Después de supervisar la descarga de 131 cadáveres y de rendir su informe, el capitán James Robinson solo quería tomarse un par de whiskies y dormir para olvidar, pero no le dieron oportunidad. El comandante de la Base Cork le ordenó que lo acompañara para dar una conferencia de prensa ante una veintena de cronistas. “El capitán Robinson estaba pálido y ojeroso, lucía como un hombre infinitamente cansado. Respondió a las preguntas con tono suave, pausado y amable, pero resultaba evidente que, de poder elegir, habría preferido en cualquier otro sitio antes que allí”, escribió el corresponsal de la agencia UPI en su despacho.
El relato del marino estremecía. Explicó que el Aisling había barrido un amplio sector a unos 180 kilómetros de la costa, recogiendo los cuerpos de las víctimas y algunas pequeñas partes de la aeronave. Para hacerlo, bajaron los botes salvavidas, mientras los buzos se arrojaban al mar y arrastraban los cuerpos hasta ellos. Una vez cargados, los botes eran izados a la cubierta del barco. El marino no recordaba cuántas veces había repetido la operación. Solo podía informar que, al terminar la tarea, tenían 131 muertos a borde del Aisling. “Había cadáveres por todas partes. En cierto momento vimos un grupo de veinte flotando juntos. Es algo de la más desolador”, describió.

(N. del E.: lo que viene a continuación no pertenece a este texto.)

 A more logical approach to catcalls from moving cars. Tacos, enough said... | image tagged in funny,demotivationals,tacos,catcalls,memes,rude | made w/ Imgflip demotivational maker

Los sargentos Brian Stephens y Stan Saunders, dos buzos estadounidenses de probada experiencia en salvamentos en el mar que estaban entrenando con colegas de la marina inglesa, se habían sumado a las tareas. Llegaron al área del siniestro en un helicóptero Chinook y se arrojaron al agua, donde comenzaron a colocar cuerpos en una camilla metálica que luego era subida al helicóptero. “Ninguno tenía chaleco salvavidas y tampoco vimos salvavidas inflados. Se ve que no tuvieron tiempo de nada”, dijo Stephens.
Saunders no ocultó el espanto que le había provocado la tarea. “Nunca estuvimos en algo tan espantoso. Nuestra misión consiste en recoger pilotos accidentados… Uno o tal vez dos al mismo tiempo… Jamás dieciséis como hoy”, explicó.
¿Una venganza de los Sikhs?
Veinticuatro horas después de la caída del Boeing, un periodista de The New York Times atendió una llamada. Del otro lado de la línea, un hombre con definida pronunciación británica que se identificó como integrante de un desconocido “Décimo Regimiento de la Federación de Estudiantes Sikhs”, se adjudicó el atentado contra el vuelo 182. Una hora más tarde, presuntamente el mismo hombre, llamó también a The NewYork Post con el mismo mensaje.
De vocación autonomista, durante 1984 las relaciones de los Sikhs con con el gobierno central indio se venían recalentando de manera notable, con atentados en territorio indio y feroz represión por parte de las autoridades. Era una posibilidad que no cabía descartar. Fue entonces que el primer ministro indio, Rajiv Gandhi, admitió la posibilidad de que se tratara de un atentado con explosivos y lanzó una advertencia a los gobiernos de Canadá, Gran Bretaña y los Estados Unidos, tradicionales refugios de disidentes sikhs. “Espero que esto sirva de lección y que las autoridades de los países donde se han refugiado ciertos extremistas se muestran ahora más firmes con ellos”, dijo.
Sin embargo, a través de sus jefes más reconocidos, los sikhs negaron tener relación con la caída del avión. “Los diez gurúes sikhs nos han enseñado que no debemos matar a seres inocentes e indefensos, Este tipo de acusaciones tiene como único objetivo difamarnos”, declaró a un periodista de la agencia AP Joginder Singh, uno de los jefes de la secta, desde la clandestinidad.
En algunos círculos occidentales se especuló entonces que las llamadas a los diarios neoyorquinos no habían sido auténticas sino obra de agentes de inteligencia del gobierno indio. Los sikhs tenían como regla adjudicarse todas sus acciones, de modo que no se podía descartar una operación de “falsa bandera”.